The United States of America is a federal constitutional republic comprising fifty states, one federal district, and fourteen territories. The country is situated almost entirely in the western hemisphere: its forty-eight contiguous states and Washington, D.C., the capital district, lie in central North America between the Pacific and Atlantic Oceans, bordered by Canada to the north and Mexico to the south; the state of Alaska is in the northwest of the continent with Canada to its east, and the state of Hawaii is in the mid-Pacific. U.S. territories, or insular areas, are scattered around the Caribbean and Pacific.

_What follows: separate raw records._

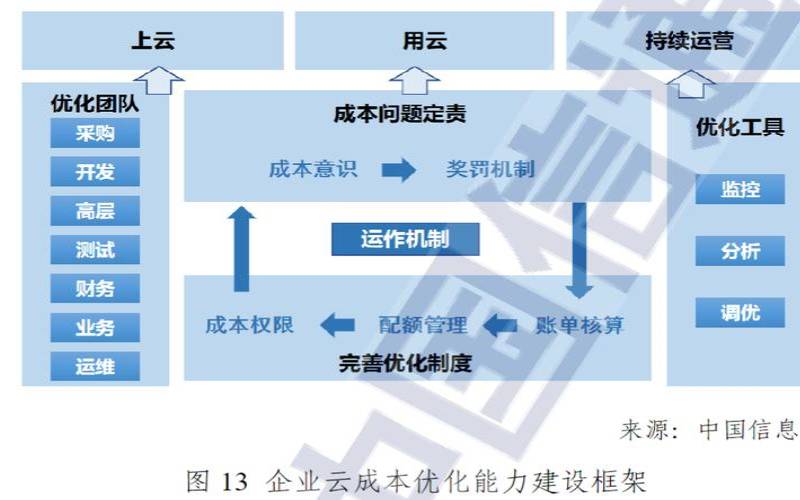云成本优化指南（云计算成本分析）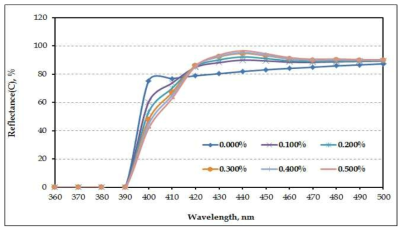 Light reflectance under C as a function of the addition of D-FWA.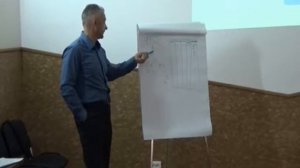 Как сделать фотографию рабочего дня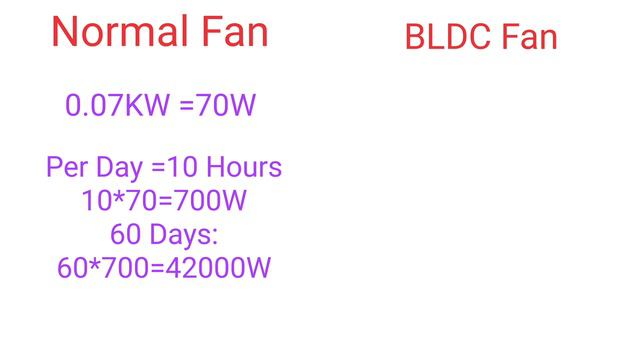 How Reduce EB Bill with calculation || Daniel Pravin смотреть онлайн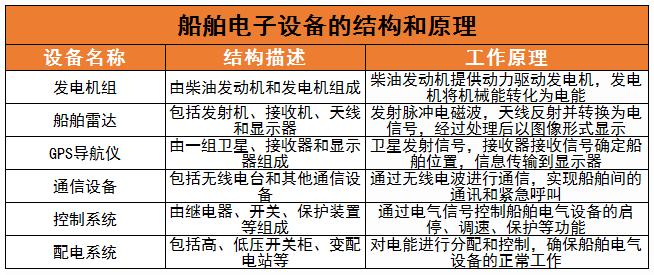 ?船舶電子設(shè)備行業(yè)未來(lái)發(fā)展趨勢(shì)及主要發(fā)展挑戰(zhàn)分析2024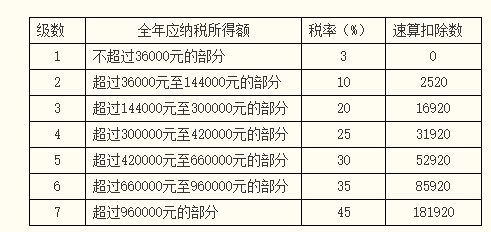 正保會計網校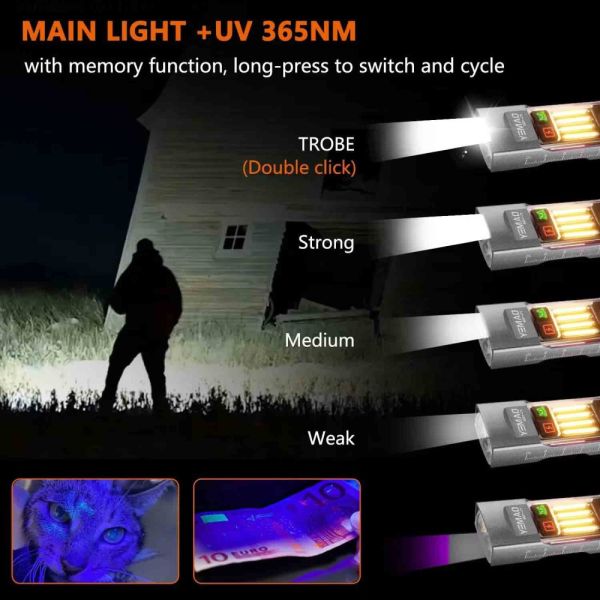 Ліхтар YEMAO YM-M31-UV P50+UV+SMD(RGB), Li-Ion акумулятор, ЗУ Type-C, магніт, затискач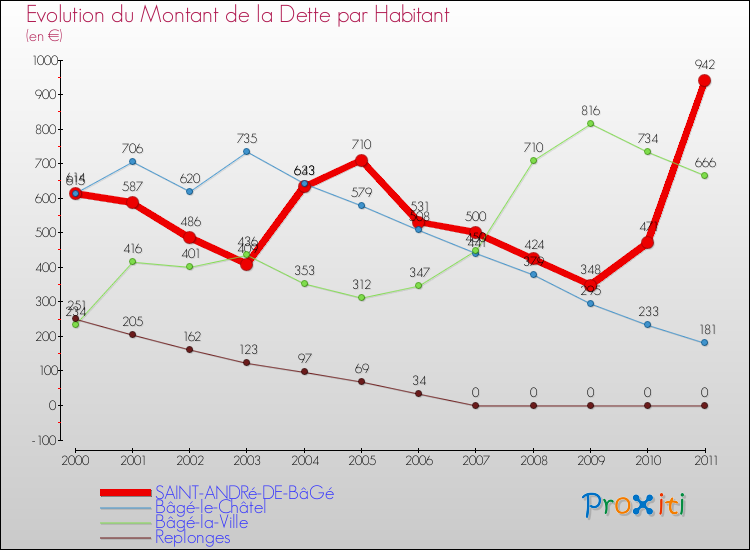 Evolution de la dette par habitant pour la commune de SAINT-ANDRé-DE-BâGé et les communes proches Comparaison de la dette par habitant pour SAINT-ANDRé-DE-BâGé et les communes voisines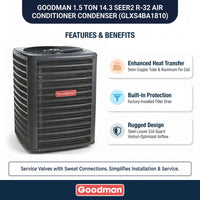 Goodman 1.5 Ton AC Condenser Unit 14.3 SEER2, R32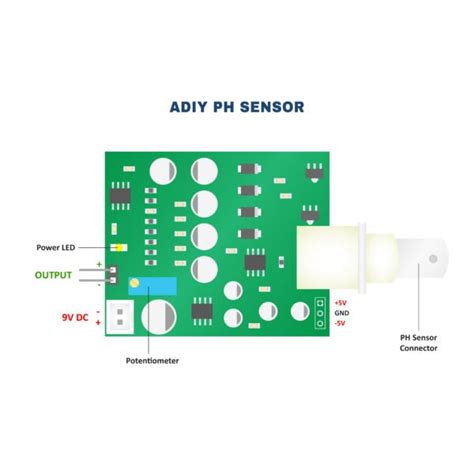 Arduino Ph Sensor Circuit Board に対する画像結果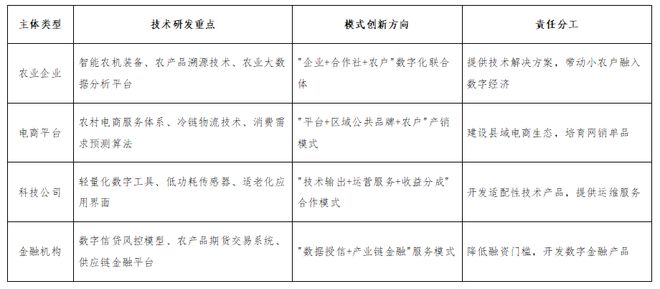 Pg电子平台：数字技术赋能乡村振兴的创新路径研究(图5)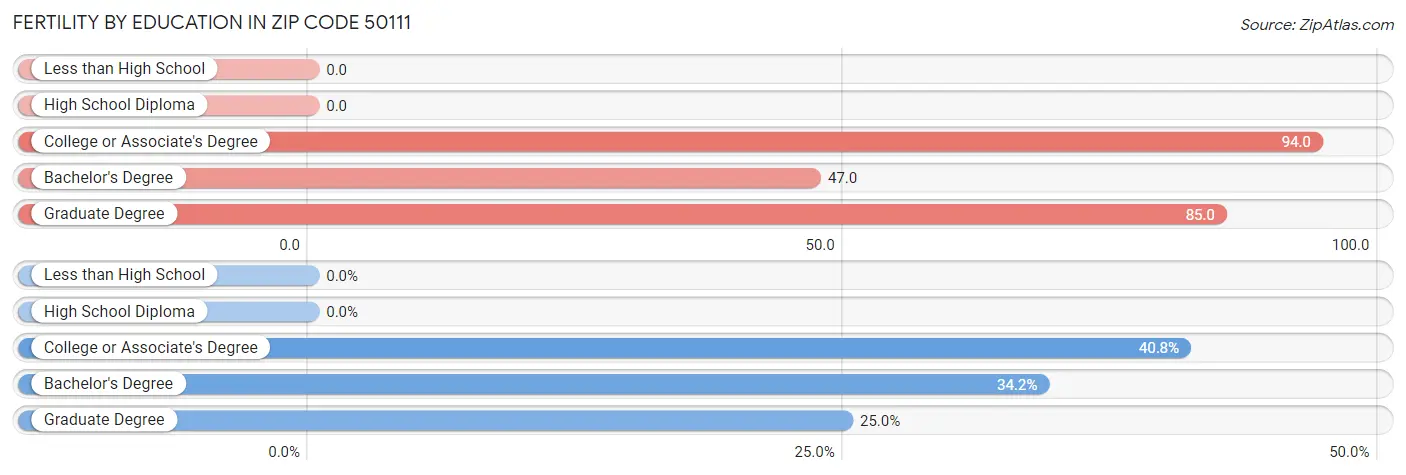 Female Fertility by Education Attainment in Zip Code 50111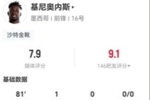 基尼奥内斯本场3射1正进1球 3关键传球+11丢失球权 获评7.9分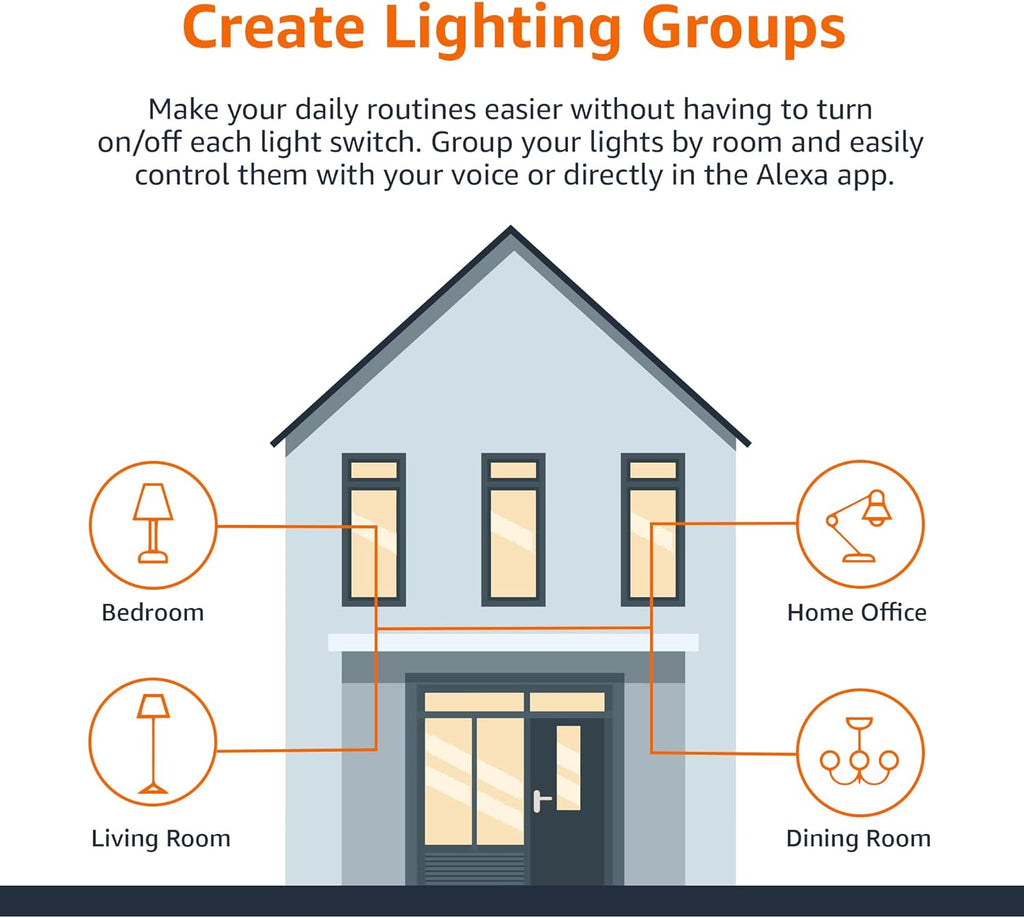 Amazon Basics Smart A19 LED Light Bulb, Color Changing, 9W (60W Equivalent), 800LM, Works with Alexa Only, 2.4 GHz Wi-Fi, No Hub Required, 4 Pack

At over 3.7 million square miles (over 9.6 million km²) and with more than 300 million people, the United States is the third or fourth largest country by total area, and third largest by land area and population.[4] A liberal democracy, the U.S. is one of the world's most ethnically and socially diverse nations, the product of large-scale immigration from almost every corner of the globe.[5] Its national economy is the world's largest, with a nominal 2005 gross domestic product (GDP) of more than $13 trillion.[3]

The nation was founded by thirteen colonies of Great Britain located along the Atlantic seaboard. Proclaiming themselves "states," they issued the Declaration of Independence on July 4, 1776. The rebellious states defeated Britain in the American Revolutionary War, the first successful colonial war of independence. A federal convention adopted the current United States Constitution on September 17, 1787; its ratification the following year made the states part of a single republic. Ten constitutional amendments composing the Bill of Rights were ratified in 1791. In the nineteenth century, the United States acquired land from France, Spain, Mexico, and Russia, and annexed the Republic of Texas and the Republic of Hawaii. The American Civil War prevented a permanent split of the country and ended slavery. In the Spanish-American War and World War I, the nation confirmed its status as a great power. In 1945, the U.S. emerged from World War II as the first country with nuclear weapons and a permanent member of the United Nations Security Council. The sole remaining superpower in the post–Cold War era, it is the dominant economic, political, military, and cultural force in the world.